第6話 【地の文に工夫している点はありますか? 】

 まず、死んでいく人の一人称にしたことです(理由は後述)。


 それから、他の作品でもそうですが、「重い内容ほど文章は軽く」を心がけています。この話、間違いなくテーマが重いので、特にそれを意識しました。


 このテーマで文体が重いと、読むのも書くのも辛すぎます。


 人称についてですが、バヤズィットの一人称にしたことで、適度に視野を狭くできたと思います。三人称にすると、説明しなくてはならないことが増え、彼の追い込まれた感じが薄まってしまったかと思います。バヤズィットの知らないこと(イブラヒム・パシャの死の真相とか)を書かなくてもいいというのも、いいですね。

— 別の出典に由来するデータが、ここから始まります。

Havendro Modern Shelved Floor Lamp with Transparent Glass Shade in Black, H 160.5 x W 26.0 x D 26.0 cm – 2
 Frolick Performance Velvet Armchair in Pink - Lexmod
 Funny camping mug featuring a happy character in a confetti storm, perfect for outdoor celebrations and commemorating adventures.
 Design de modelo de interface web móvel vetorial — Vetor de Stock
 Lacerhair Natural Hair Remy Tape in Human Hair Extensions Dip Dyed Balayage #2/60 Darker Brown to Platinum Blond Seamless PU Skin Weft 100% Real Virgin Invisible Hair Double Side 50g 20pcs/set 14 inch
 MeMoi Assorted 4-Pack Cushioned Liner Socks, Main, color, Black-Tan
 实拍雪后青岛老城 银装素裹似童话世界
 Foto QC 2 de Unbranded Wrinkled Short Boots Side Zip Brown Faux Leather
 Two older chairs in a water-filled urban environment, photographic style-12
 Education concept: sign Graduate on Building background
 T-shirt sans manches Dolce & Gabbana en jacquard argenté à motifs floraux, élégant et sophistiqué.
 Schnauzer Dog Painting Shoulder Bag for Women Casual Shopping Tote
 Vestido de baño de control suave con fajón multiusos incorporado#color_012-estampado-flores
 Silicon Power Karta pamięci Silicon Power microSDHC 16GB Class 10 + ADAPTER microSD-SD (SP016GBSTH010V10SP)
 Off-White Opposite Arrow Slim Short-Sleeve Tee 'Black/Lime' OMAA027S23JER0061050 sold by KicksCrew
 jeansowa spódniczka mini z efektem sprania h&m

 この話、歴史物である以上、大筋は決まっています。バヤズィットは処刑は回避できませんし、するつもりもありません。そういう話ですが、「死ぬ前にどんな心境の変化があるのか」「物語の最後はどこで終わるのか」が創作のほぼすべてです。そこでハッピーエンドにするために、一人称を選びました。人はどんな形であれ必ず死ぬわけで、それを悲劇と感じるか、何らかの救いを見出すかは主観でしかないのです。だから、この話は処刑される本人の一人称以外では成り立たないと思って書きました。


 以上です!


 興味を持って頂けたら幸いです。